Книга Дитрих Бонхеффер. Праведник мира против Третьего Рейха. Пастор, мученик, пророк, заговорщик, страница 98. Автор книги Эрик Метаксас

Разделитель для чтения книг в онлайн библиотеке

Онлайн книга «Дитрих Бонхеффер. Праведник мира против Третьего Рейха. Пастор, мученик, пророк, заговорщик»

Cтраница 98

Начала и концы принадлежат Тебе, Господи, мой лишь промежуток между ними – жизнь. Я блуждал во тьме и не находил себя. В Тебе, Господи, ясность, и дом Твой – свет. Короткий промежуток – и все свершится, и тогда ничтожна станет всякая борьба, и я омоюсь водами жизни и буду беседовать с Иисусом во веки веков401.

Двадцать шесть дней

12 июня, ровно через восемь лет (без одной недели) после отъезда из Нью-Йорка, Бонхёффер возвратился в этот огромный город, главную гавань Америки. Многое изменилось и в нем самом, и в Нью-Йорке. Линия небоскребов уже не приветствовала его ухмылкой, как в прошлый раз, не похвасталась новыми зубиками: строительная лихорадка, неиссякаемая энергия, бродильные дрожжи ушли вместе с эпохой джаза. Тогда Великая депрессия только начиналась – теперь сказывались десять тощих лет.

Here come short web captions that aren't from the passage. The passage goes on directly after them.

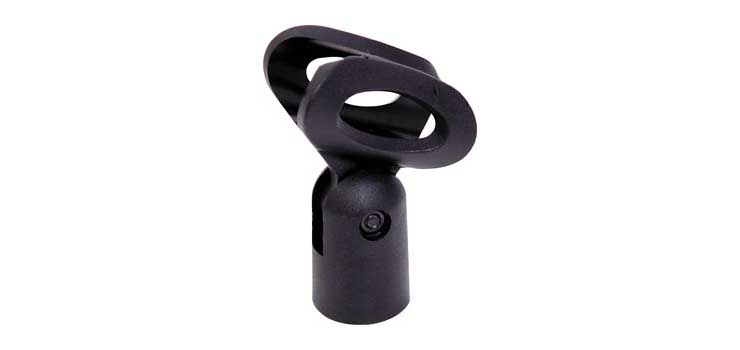 22mm Flexible Microphone Holder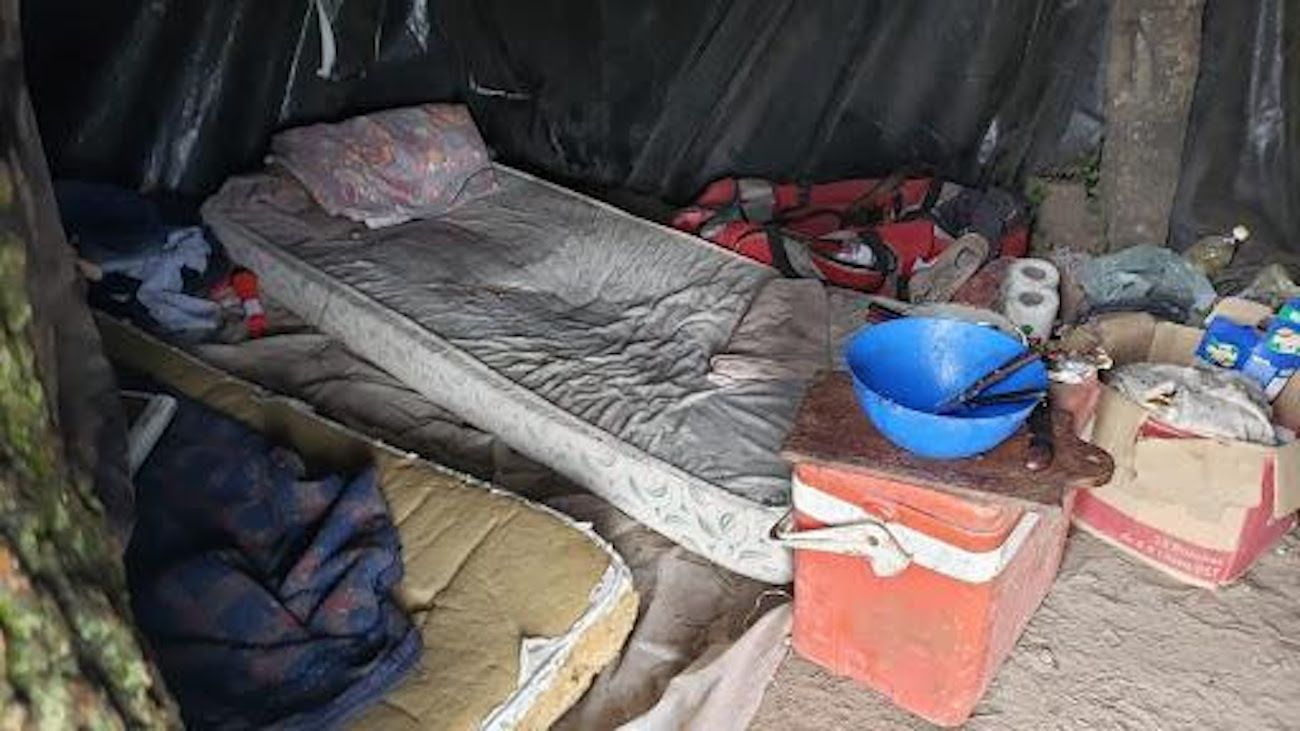 Detectan presunta explotación laboral en 35 trabajadores rurales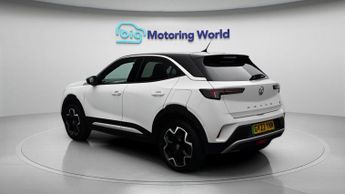 Vauxhall Mokka Electric ULTIMATE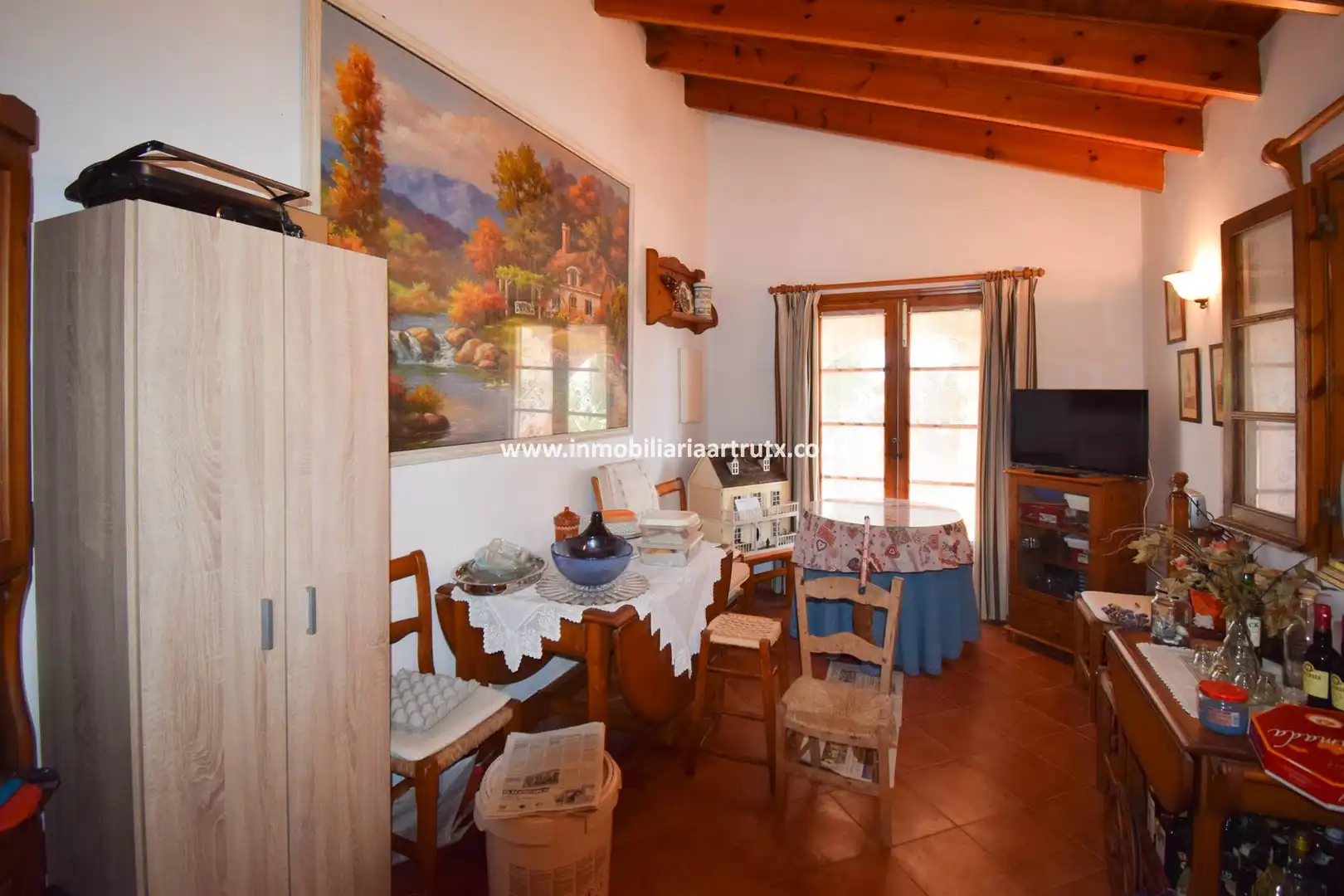 Casa o xalet en venda en Ciutadella de Menorca amb Jardí privat, Terrassa i Traster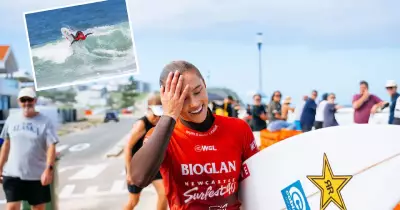 Alyssa Spencer Triumphs at Surfest 2026, Securing Women's Championship Title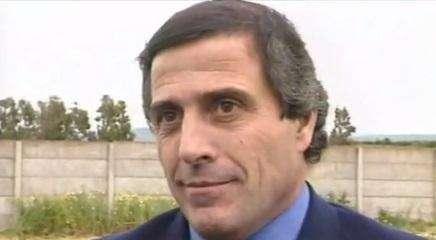 Tabarez-choc: è affetto da sindrome di Guillain-Barre'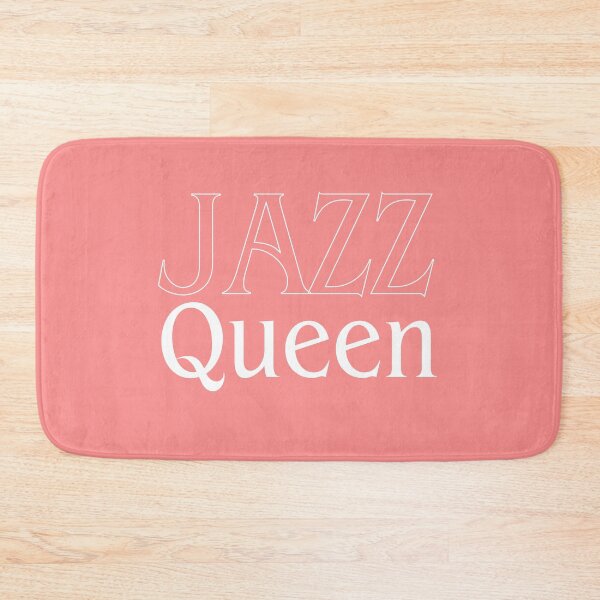 Item preview, Jazz Queen designed and sold by Nancyanna.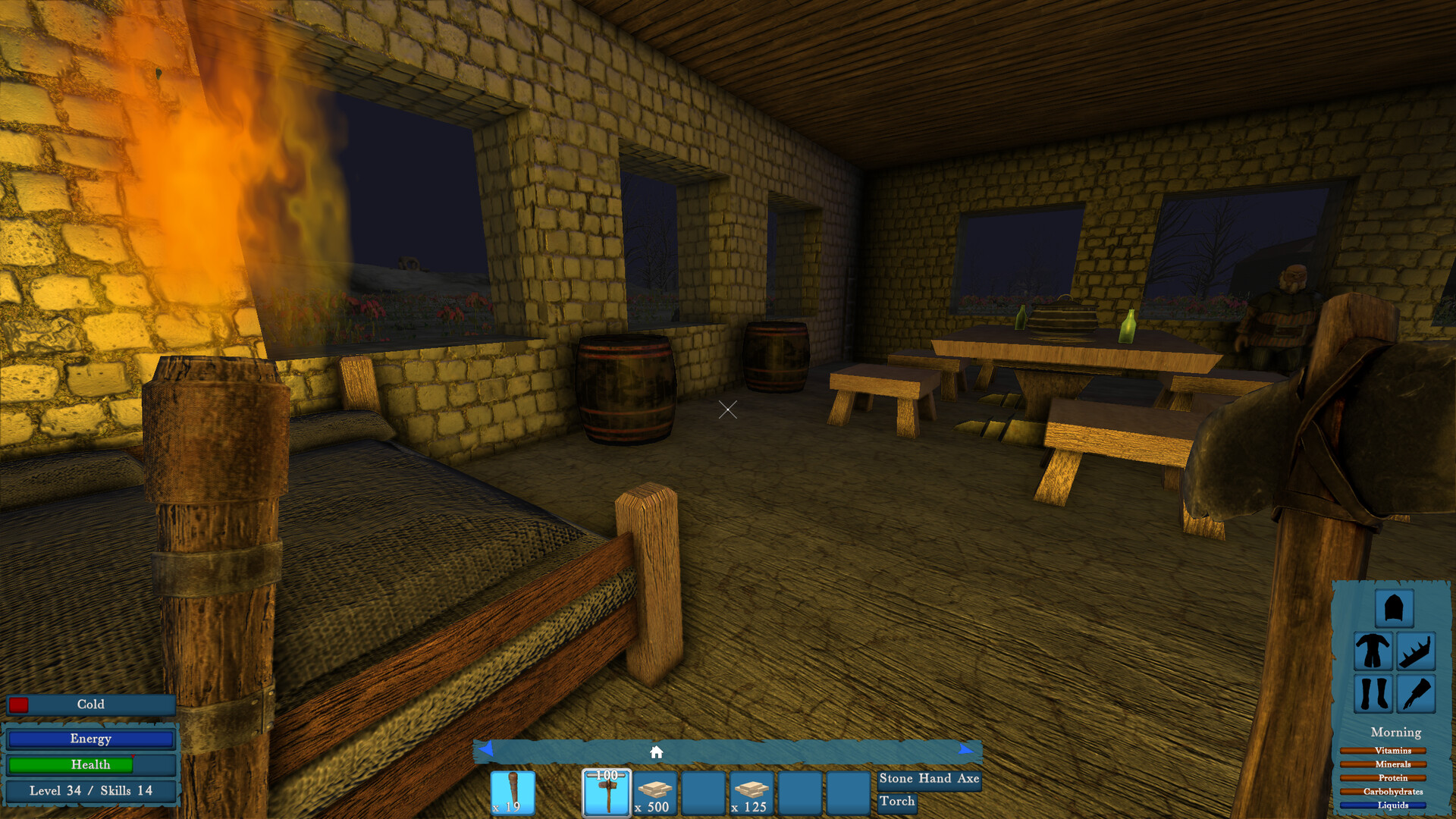 Warlocks Nexus Screenshot 3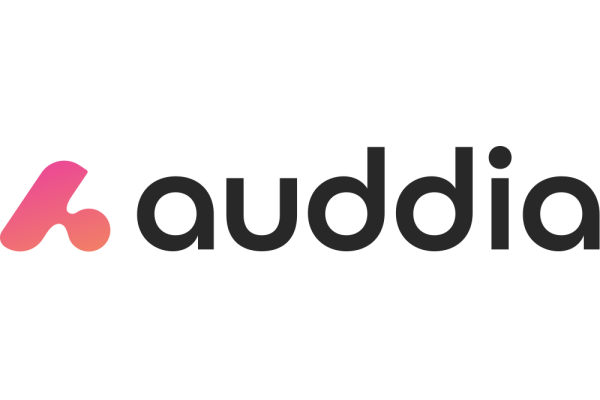 Auddia, Inc. logo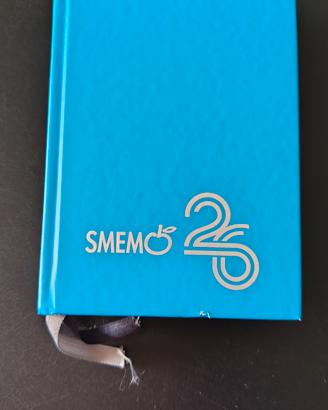 Smemoranda 2026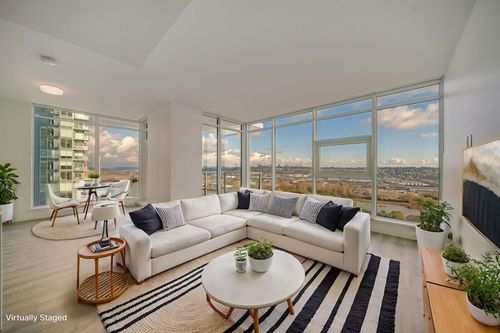 2807-680 Quayside Drive, New Westminster, BC, V3M0P2 | Card Image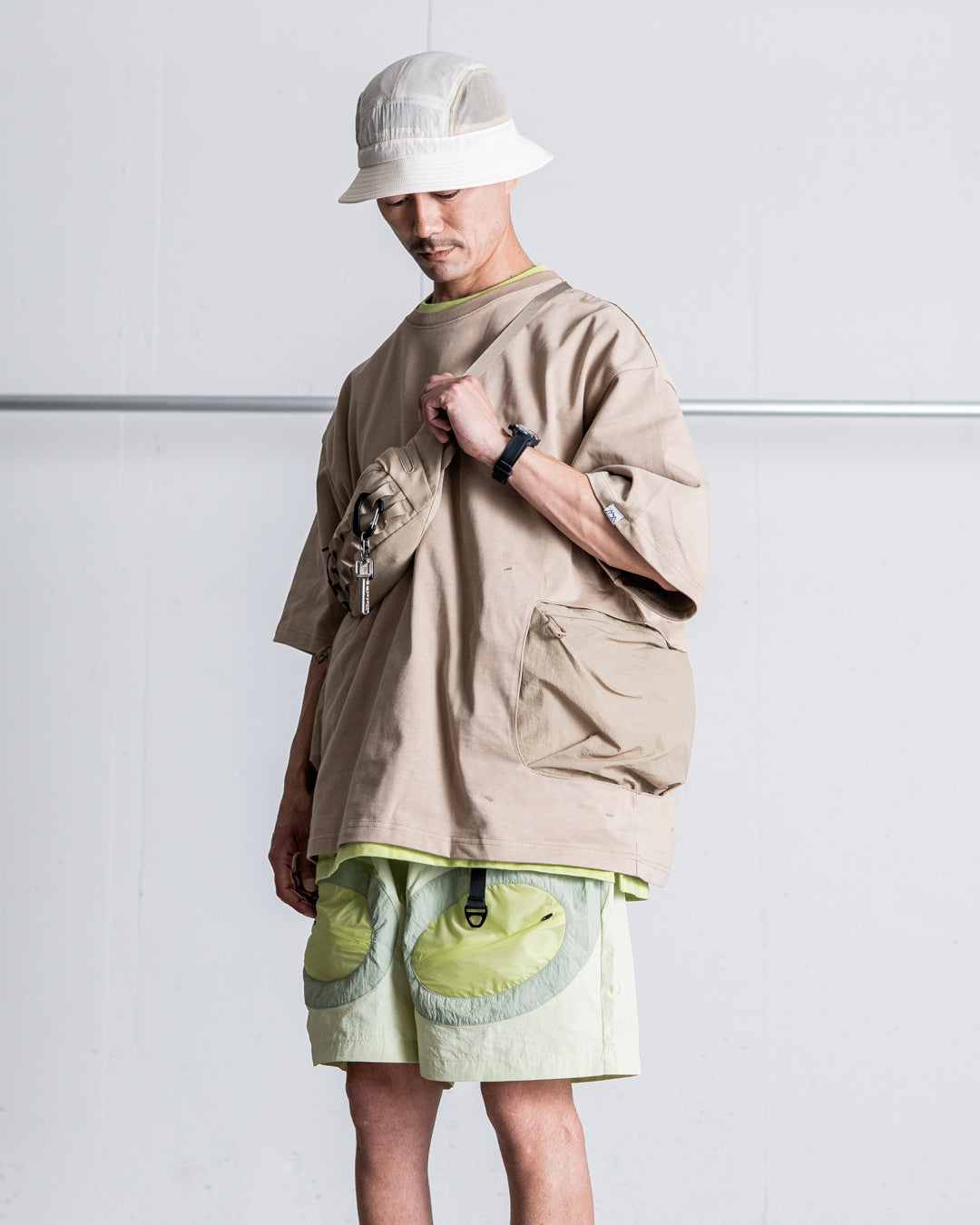 CMF OUTDOOR GARMENT PHANTOM TEE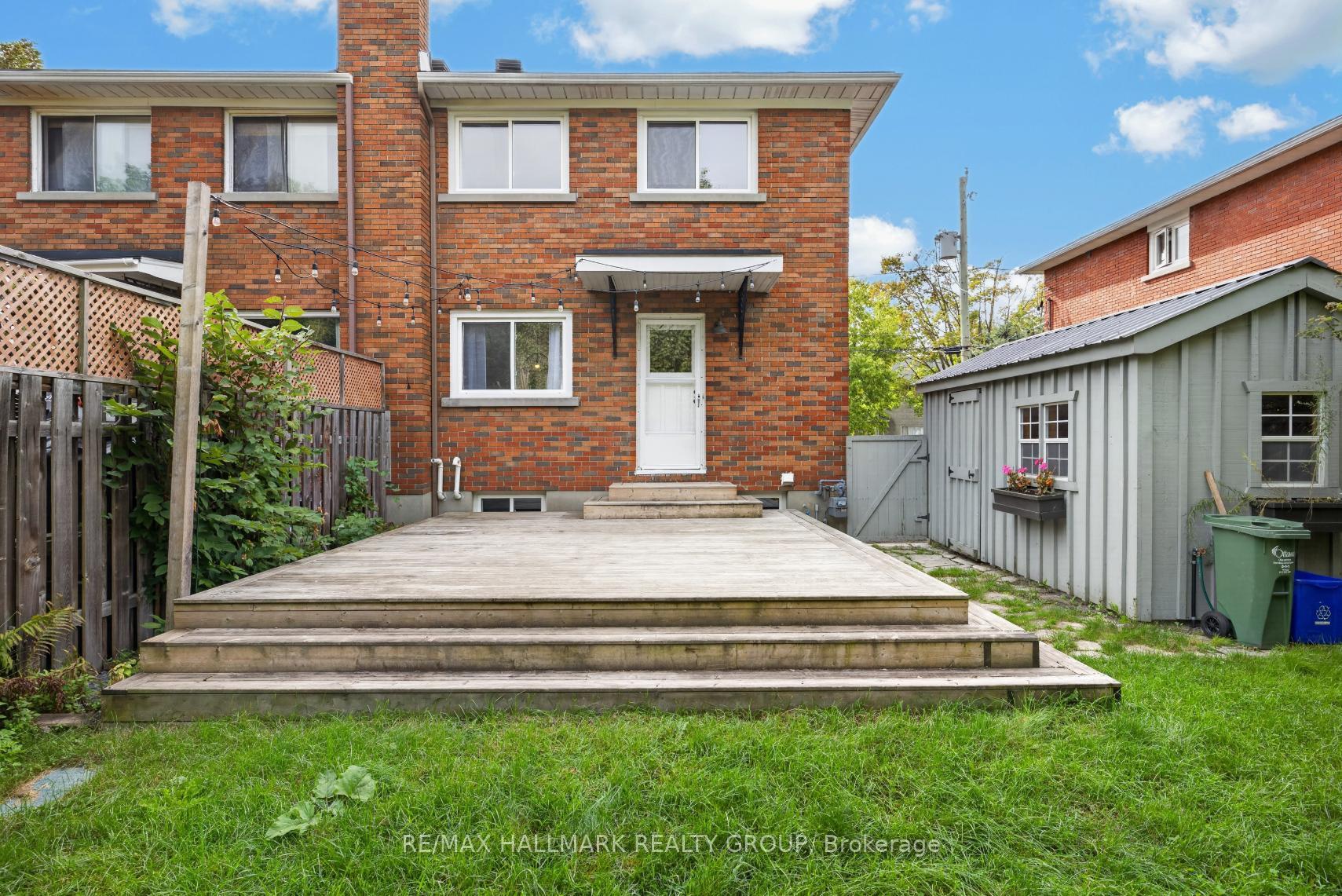 Photo 23 of 1213 Emperor Avenue, Ottawa, Carlington — HOMEH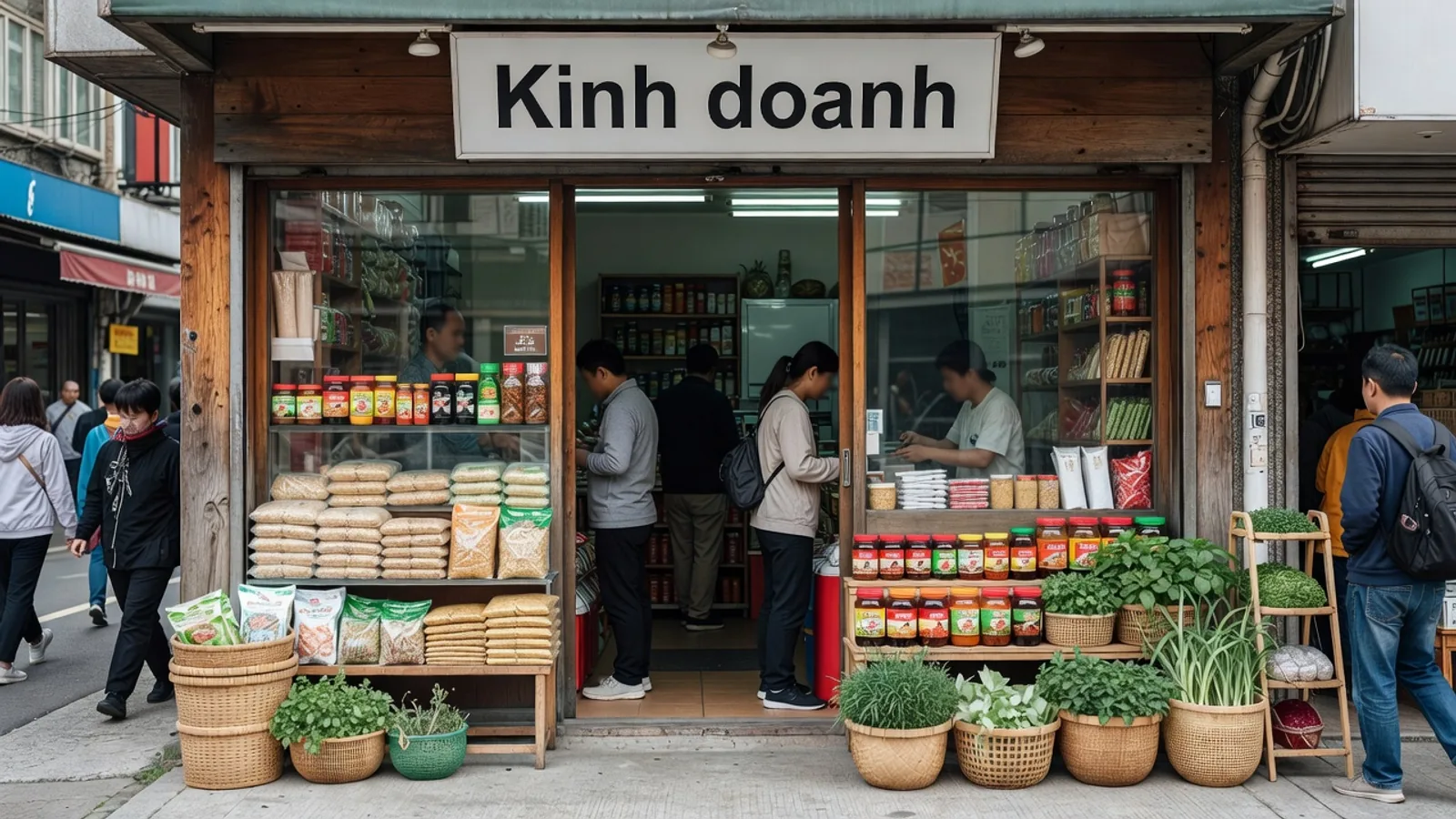 Kinh doanh ở Đài Loan: cẩm nang đầy đủ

В порту Бонхёффера встретил преподобный Мэси из Федерального совета церквей и проводил его в гостиницу Парксайд. На следующее утро, во вторник, Дитрих завтракал с Генри Лейпером. «Он зашел за мной и чрезвычайно любезно меня приветствовал. Первые наметки будущего. Я выдвигаю основное условие: за какую работу я ни взялся бы, самое позднее через год я намерен вернуться. Удивление. Но для меня ясно, что нужно будет вернуться»402.

Он еще и полного дня не провел в Нью-Йорке, но ему уже не по себе и он сразу заговаривает о возвращении. Лейпер был уверен, что Бонхёффер приехал надолго, он даже несколько растерялся: что не так? В тот день, сделав несколько телефонных звонков, Бонхёффер дошел до «Юниона» и поднялся в так называемую «комнату пророка», гостевые апартаменты, расположенные непосредственно над главным входом в здание семинарии. Восточные окна этого просторного помещения с высокими потолками и деревянными панелями выходили на Бродвей и 121-ю стрит, а западные «имели прекрасный вид на внутренний двор»403. Размещение в «комнате пророка» означало, что Бонхёффера принимают по высшему разряду. Руководитель семинарии, доктор Коффин, оказал ему еще большую честь: в тот день они встретились в четыре часа на Центральном вокзале и поехали в загородное имение Коффина в Беркшире, у границы со штатом Массачусетс.

Генри Слоан Коффин был воплощением либерализма Новой Англии. В Йеле он состоял членом престижнейшего общества «Череп и кости», а по окончании университета сделался в 1910 году пастором не менее престижной церкви на Мэдисон-авеню. Когда в 1926 году Коффин стал президентом «Юниона», журнал Time посвятил ему передовицу404. Коффину запомнился двадцатичетырехлетний Дитрих Бонхёффер, каким он был в 1930 году – блестящий слоуновский стипендиат, защитивший докторскую в Берлинском университете. Молодой человек весьма серьезно относился к Библии и к самому себе и превозносил Барта и Лютера – но тот Бонхёффер, с которым Коффин заново знакомился в 1939 году, казался другим человеком. Он привез в высшей степени хвалебную рекомендацию от Нибура с тревожным (и полностью соответствующим истине) предупреждением: если «Юнион» не приютит у себя собрата, скорее всего, место Дитриху найдется в гитлеровском застенке. При всем своем неколебимом богословском либерализме, Коффин с уважением относился к бартианству Бонхёффера.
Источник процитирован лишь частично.